:: Data for this task ::

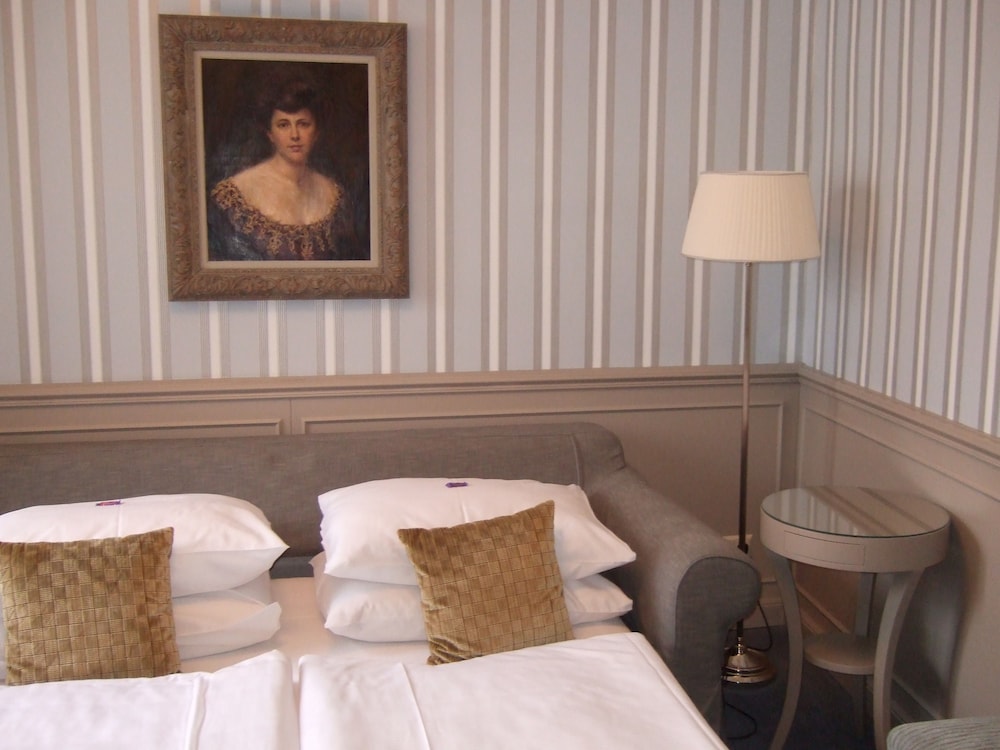 Hotel Karntnerhof 37/61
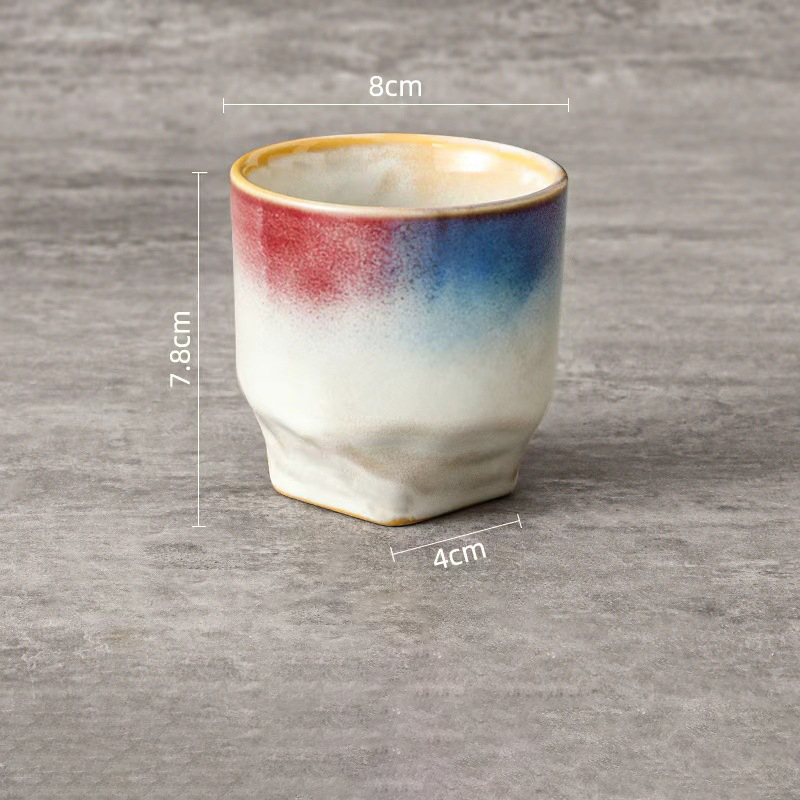 Blanc avec du bleu rose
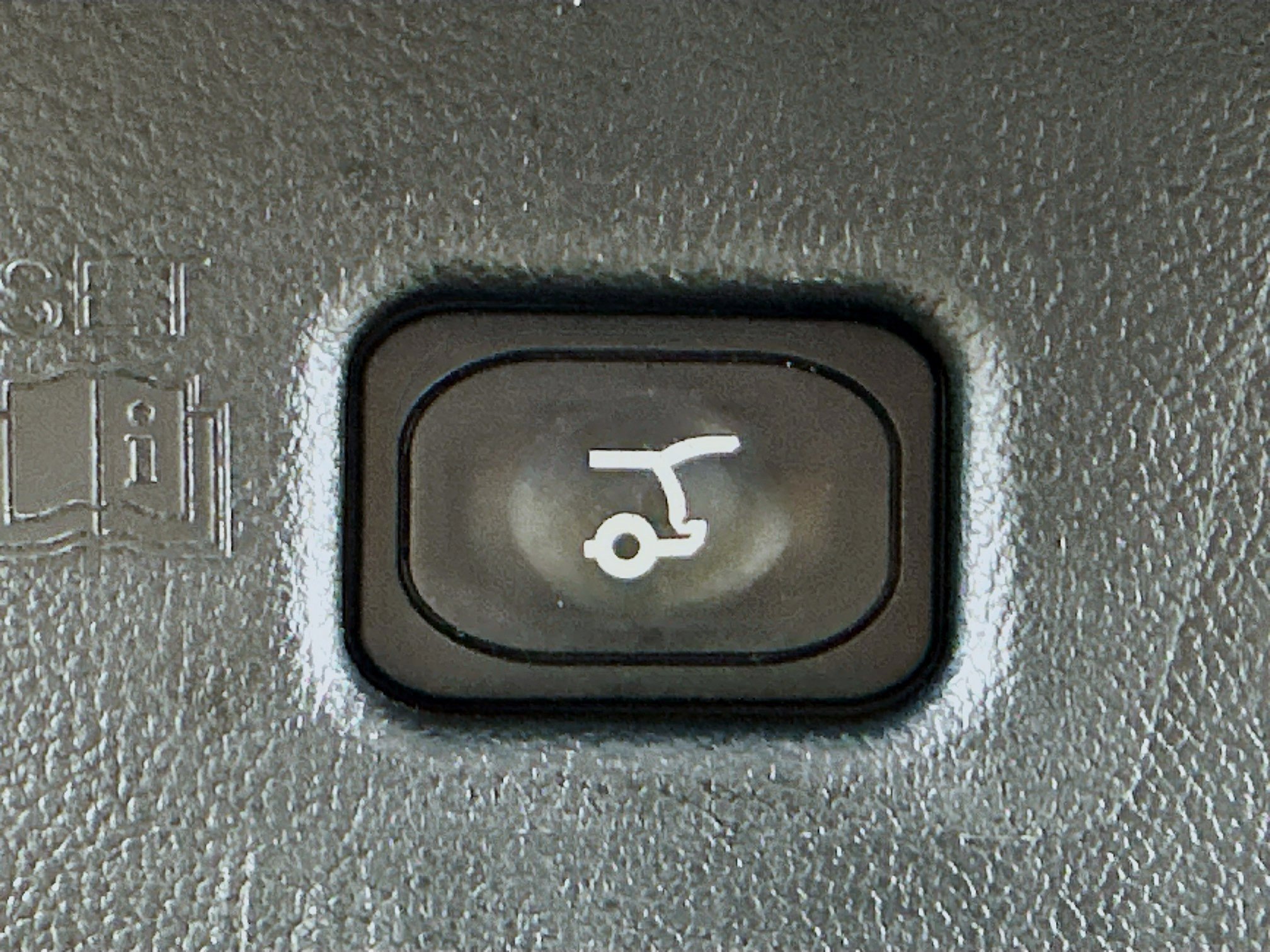 Used 2023 Lincoln Nautilus FWD w/ Premium Package image 29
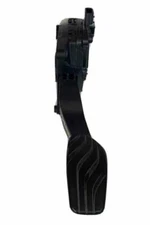 2019 NISSAN ROGUE 2.5L ACCELERATOR PEDAL ASSY OEM 18002DF30A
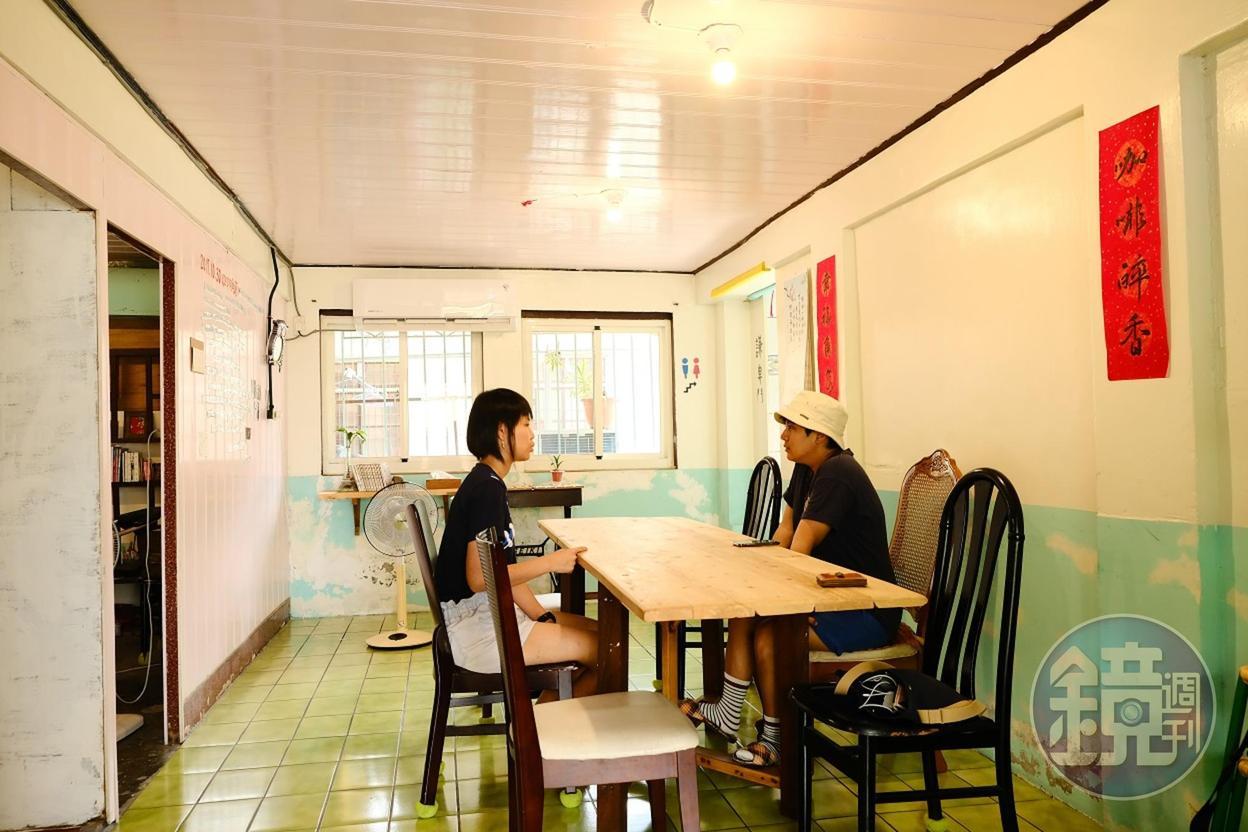 屋內大長桌在暑假的任務，就是協助孩子們寫作業。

:::

■ Exercise prompt ■
Please print every record exactly as written, without the pictures.

■ Output of the task ■
 Hotel Karntnerhof 37/61
 Blanc avec du bleu rose
 Used 2023 Lincoln Nautilus FWD w/ Premium Package image 29
 2019 NISSAN ROGUE 2.5L ACCELERATOR PEDAL ASSY OEM 18002DF30A
 屋內大長桌在暑假的任務，就是協助孩子們寫作業。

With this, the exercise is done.